人間の脳は4つの「葉」という部分(「前頭葉」など)に分かれており、私たちの五感や性格を統制しています。もしこれらの各部分がそれぞれバラバラに機能して、一緒に働くことができなかったらどうなるでしょう。それはまるで、精鋭選手たちばかり集めたフットボールチームで、それぞれが「自分の戦略が最高だ」と思って行動し、他の選手の狙いを全く理解していなかったために、結局は負けてしまう、というようなものです。

自閉症とは、この例えのようなもので、自閉症者にとっては「当たり前にするのが難しいこと」があります。しかし、自閉症だからといって、「普通の人」にできることがみんなできないということではありません。

 

自閉症分野の臨床家/コンサルタント/研究者であり、「UNIQUELY HUMAN」の著者であるバリー・プリザント博士が、自閉症であるとはどういうことかについて、また何故、自閉症という障害に対する一般的な見方をうち壊す必要があるのか、について話してくれました。

 

<インタビュー音源抜粋・要約>

 

自閉症は長い間、「できないことのチェックリスト」で診断されてきました。治療や教育の目的は、「いかに症状をなくすか」ということでした。

これに対し「UNIQUELY HUMAN」では、全く違った見方を提示しています。これまで「取り除くべき自閉的行動」とされてきた行動が、実際は、自閉症者が混乱に満ちた世界に対応するための「対処法」である、という見方です。これを「できないこと」として捉えると、「治療すべきターゲット」になってしまうのです。

 

たとえば自閉症者が自分の興味のあることについて延々しゃべり続けてしまう、というようなことがあります。これは従来「obsessive interest(強迫的な関心)」と呼ばれてきましたが、ある自閉症者の母親から、「enthusiasm(熱中、情熱)」としてはどうか、という言い換えの提案がありました。

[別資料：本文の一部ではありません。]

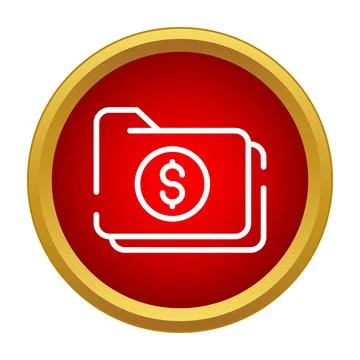 Financial folder with dollar sign icon on red background Stock Illustration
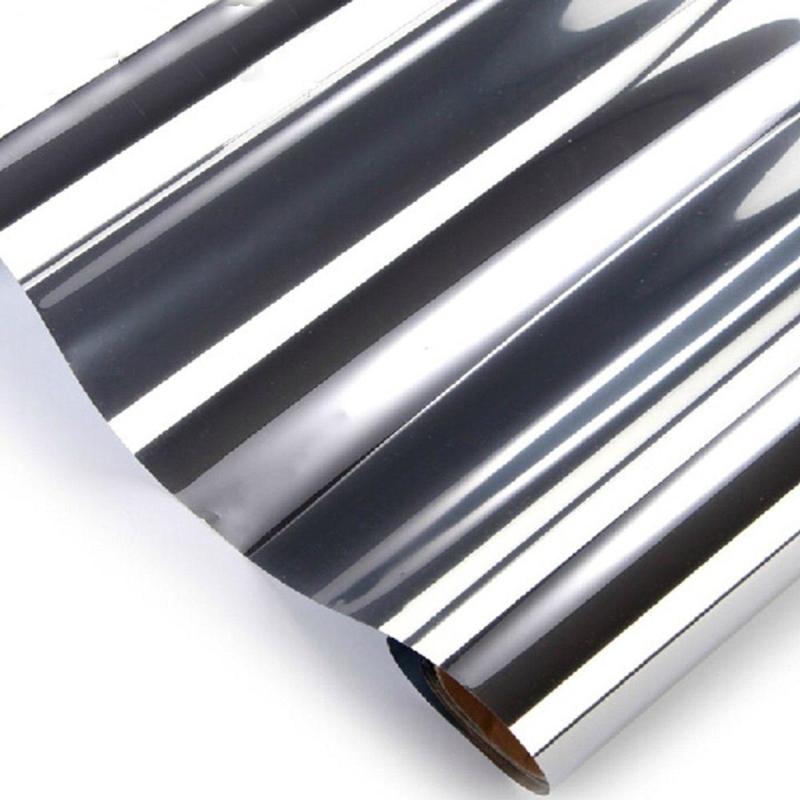 Mirror One Way Silver Glass Window Film Static Cling Privacy Security Sticker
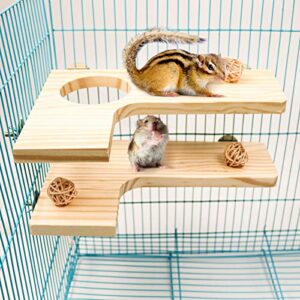 2 Pieces Hamster Wooden Platform Set, L-Shaped Pedal Wooden Platform & L-Shaped Round Hole Wooden Platform with 8 Piece Sepak Takraw Chew Toys, Gerbil Chinchilla Guinea Pigs Parrot Stand Perch (H01)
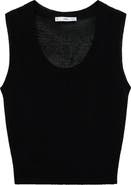 MANGO Scoop Neck Cotton Blend Sweater Tank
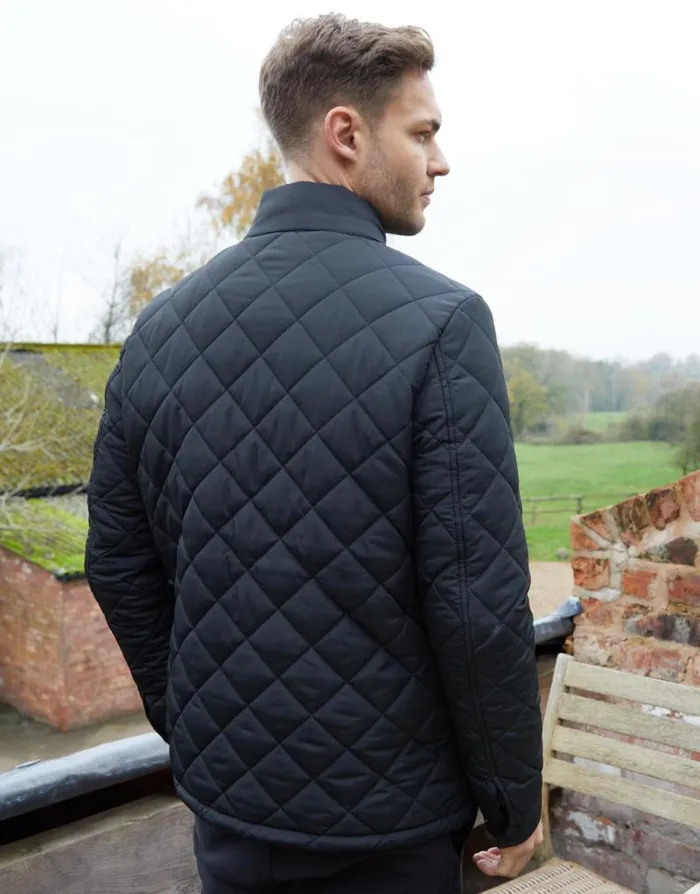 Men Black Funnel Neck Diamond Quilted Jacket Threadbare Jackets Men Black Funnel Neck Diamond Quilted Jacket Threadbare Jackets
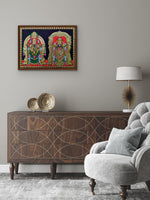 The Divine Pair: Lord Venkateswara and Goddess Padmavati in Tanjore Art by Sanjay Tandekar for sale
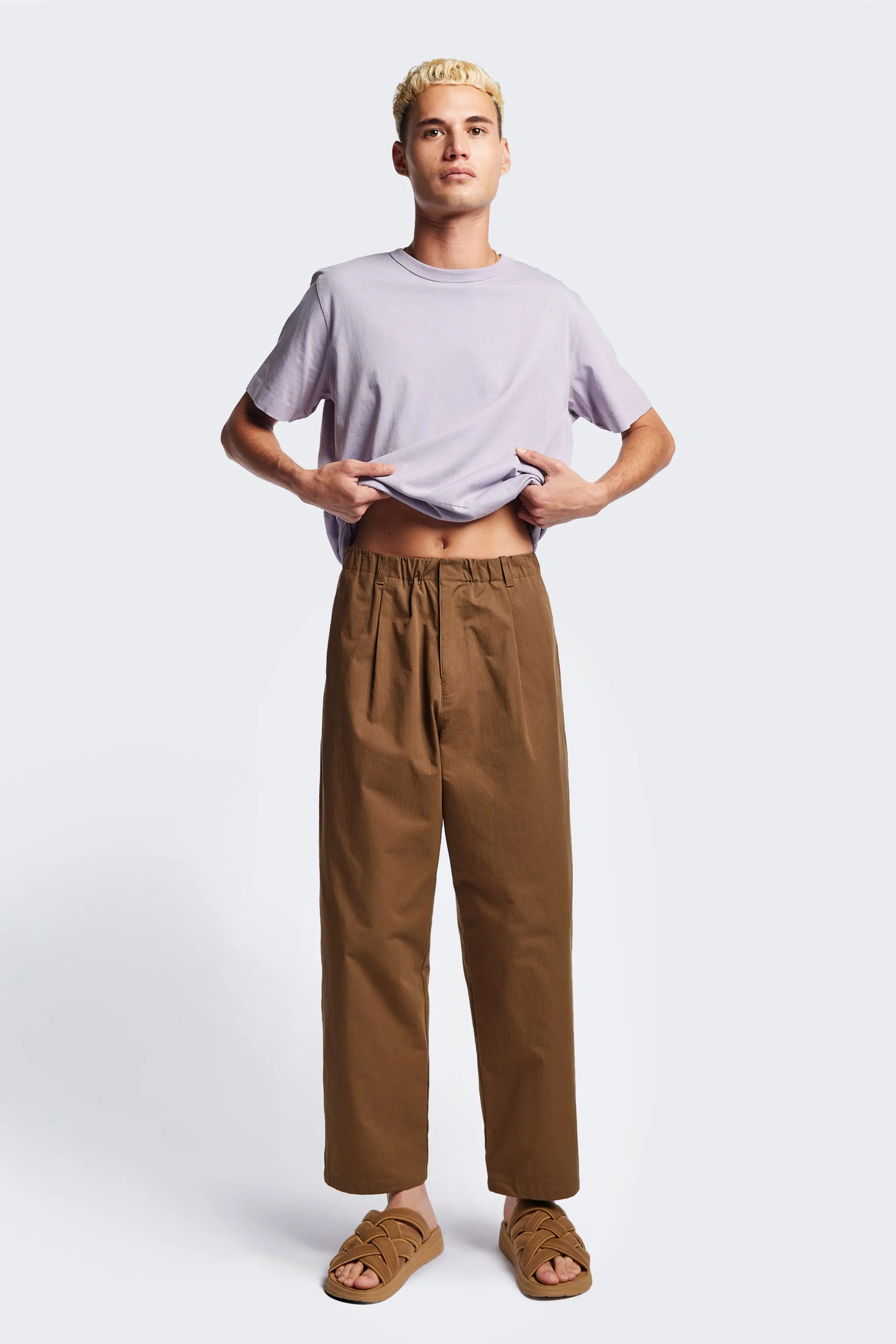 Boulder Pleat Pant Brown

もちろんこうした「熱中」が日常の活動に支障をきたすこともありますが、それを生かすクリエイティブな方法を見つけることが重要であり、実際多くの家族や支援者が、実にクリエイティブにそうした「熱中」する性質を、学業の場でも、社会的コミュニケーションの場でも生かせるような手助けをしているのです。

 

自閉症者はしばしば特定の分野で、いわゆる「定型者」よりも秀でた能力を発揮します。そうしたときにたとえば雇用者側が「自閉症者はできないことが多く、扱いが難しい」と雇用を恐れてしまうことは、自閉症者の機会を制限してしまうことになります。

 

私はこれまでにたくさんの自閉症者と関わってきましたが、彼らは実におもしろい、魅力的な人たちです。自閉症は従来考えられてきたような「おそろしいもの」「悲劇」ではなく、彼らの未来には大きな可能性があるのですが、その可能性が形になるためには適切な理解とサポートが必要です。これまでの自閉症に対する見方を、見直す必要があります。確かに困難なこともありますが、私たちは自閉症者を学校や職場から排除するのではなく、共に生きることで、多くを学ぶことができます。

 

* * * * * * * *  以下、プリザント博士のインタビューコメント * * * * * * * * * * * * * * * 

 

自閉症は脳のすべての部分に影響するため、その症状は多岐にわたり、それはしばしば「自閉症者ができないことのリスト」として定義されます。実に長い間、自閉症の診断にはそうしたアプローチが取られてきましたし、未だにそうなのです。またその状況は、教育や治療においても同じことが言えます。

 

しかし、「自閉症を定義する症状」などというものは一つもありません。「人間であること」を定義する症状が一つもないように、です。私たちはみな、一人一人ユニークな(唯一の)存在なのです。

 

「症状」だと見えていることのほとんどは、世界に圧倒されてしまっていっぱいいっぱいだったり、混乱してしまったりしたときの、「対処法」です。自閉症でない人がストレスにさらされたときに機嫌が悪くなるのと同じように、自閉症者は脳が認識したことをうまく理解できないときに、礼を失してしまったり、うまくコミュニケーションが取れないことがあります。

 

また、自閉症者もそうでない人も同じようにする行動があっても、それが自閉症者のものである場合は「症状」として見られるのです。たとえば誰でも日常的に、周りに誰もいないときに独り言を言ったり、頭の中で独り言を言ったりします。自閉症者も同じように独り言を言いますが、それを頭の中にとどめておくことが難しく、周りに人がいる場でも言葉に出してしまう場合がよくあります。だからといって、それが不適切な行動であるとは言えません。

 

「自閉的な行動」などないのです。それらはみな、「人間の行動」です。ときどきは、悩みのタネになる行動もあるかもしれませんが、そうした行動は自閉症でない人にも見られるものなのです。 そのことをわかってもらえれば、自閉症の子どもを持つ親であれ、当事者であれ、自閉症者と頻繁に関わる機会のある人であれ、人々の自閉症に対する「恐れ」が取り除かれるのではないでしょうか。

 

一般的に、自閉症はとても恐ろしいものだと考えられています。確かに自閉症は、本人にとっても家族にとっても、非常な困難となり得ます。しかし他方で、私は30年近くにわたり自閉症の子どもを持つ多くの家族と関わっているのですが、その子どもたちが大人になった今、じつに「うまくやっている」ということを、私は著書を通して伝えたいと思っています。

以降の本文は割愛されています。